IT guys, is it costly to update a (name) search engine?

Grrr · March 17, 2017, 11:17pm

At work we have an employee search engine.

If you don’t know their email, or phone number (or whatever) just type in their name and up pops the information.

The thing is though, if you get even ONE letter wrong, the engine has no clue what you’re looking for. It gives suggestions, but the suggestions it gives make no freaking sense.
This search engine has been like this for well over a decade (Probably closer to 20 years) and I’m just wondering why nobody in IT has bothered to fix it.
Is updating a simple name search engine costly?

snfaulkner · March 17, 2017, 11:19pm

Are you talking about Active Directory?

Grrr · March 17, 2017, 11:26pm

I don’t believe I am. I’m talking about an intraweb based search function, that finds all employees of the company.

Mangetout · March 17, 2017, 11:33pm

Without knowing what you’re actually describing, it’s impossible to say.

If you’re talking about a contacts search that’s built into your mail client or CRM, then it might not be amenable to change - your IT people may just be delivering an implementation of the system that the business has bought from a third party.
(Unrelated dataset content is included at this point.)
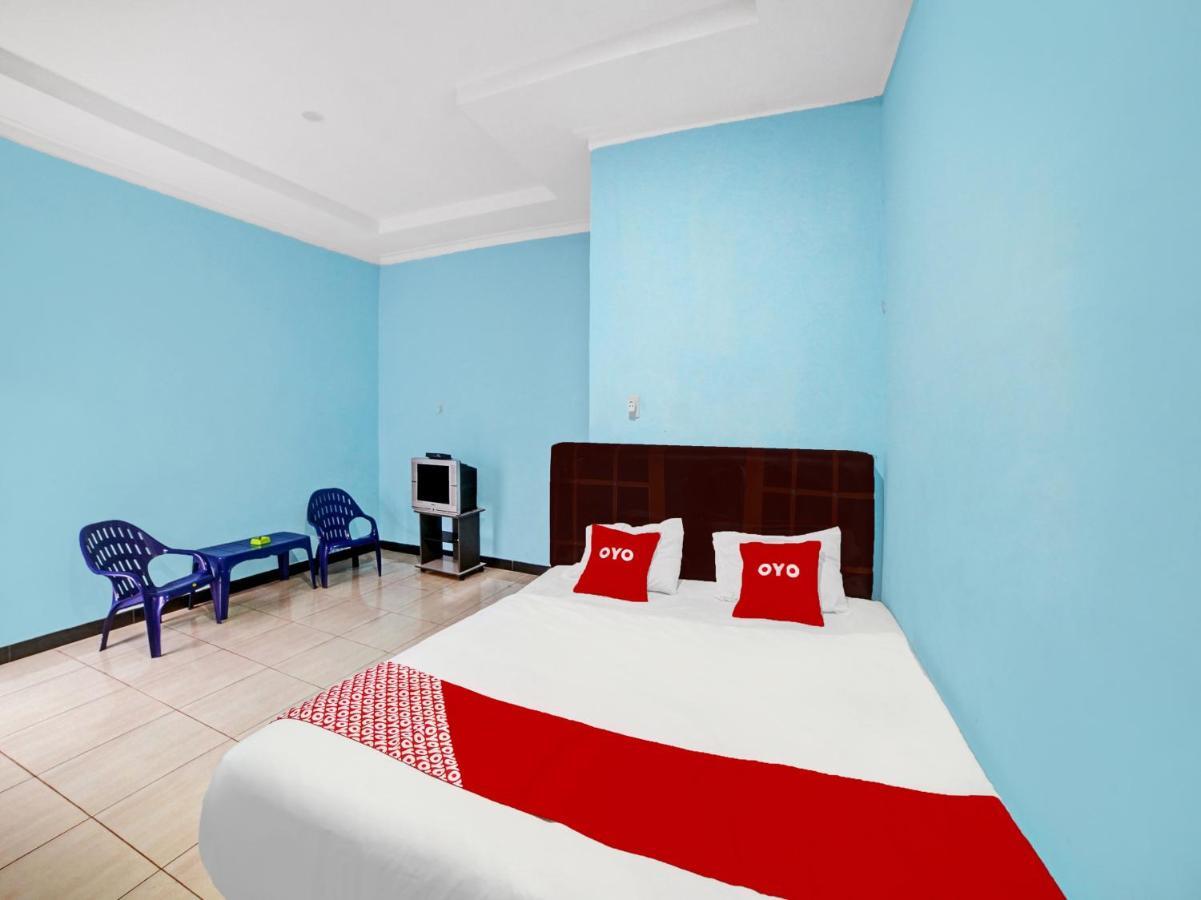 Oyo 90509 Nadia Hotel Pematangsiantar Exterior foto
If it’s a search engine in an intranet page that has been developed in-house, yes, it could probably be made better. Has anyone asked your IT department to make it better? They might not even know you’re having a problem with it. Maybe they never use it themselves - it’s a really common misconception that the folks in IT should know every feature and process of every application as well as the users do - but it’s simply not possible for us to know the whole of everyone else’s job in addition to our own.

Grrr · March 17, 2017, 11:47pm

It’s this. It’s just a little box in the corner of the company’s homepage (that is only accessible to employees) that allows you to search for employees one of four ways: Employer number, phone number, email or more commonly, name.
And it’s a big world wide company, I can’t imagine they would be oblivious to it. But I suppose it’s possible.

Shagnasty · March 17, 2017, 11:57pm

I agree that it could cost any amount of money. I work for a mega-corp and such a change would most likely cost in the many tens to hundreds of thousands of dollars and take many months at best but that is an extreme case.

How big a company are we talking about in terms of people? I could build an access database with pretty good search capabilities in an afternoon but it wouldn’t be enterprise ready. I could build a SQL Server database with a web interface in an about a week as long as I had access to employee data but the latter is a problem on its own for many reasons.

I would just try to account for common errors however. What you are talking about requires some sophisticated fuzzy logic like Google uses and that is a lot harder than it sounds to develop on your own. You may think that computers should just be able to tell that “Marey Johson” = “Mary Johnson” but they can’t very easily because they are fundamentally dumb and don’t have any common sense.

There is obviously a way to do it because large search engines do it but it isn’t cheap or easy. There may be a commercial product that already does this type of thing well but I have never seen one personally and it wouldn’t be cheap or easy to integrate with existing systems even if you find the perfect enterprise-level 3rd party software.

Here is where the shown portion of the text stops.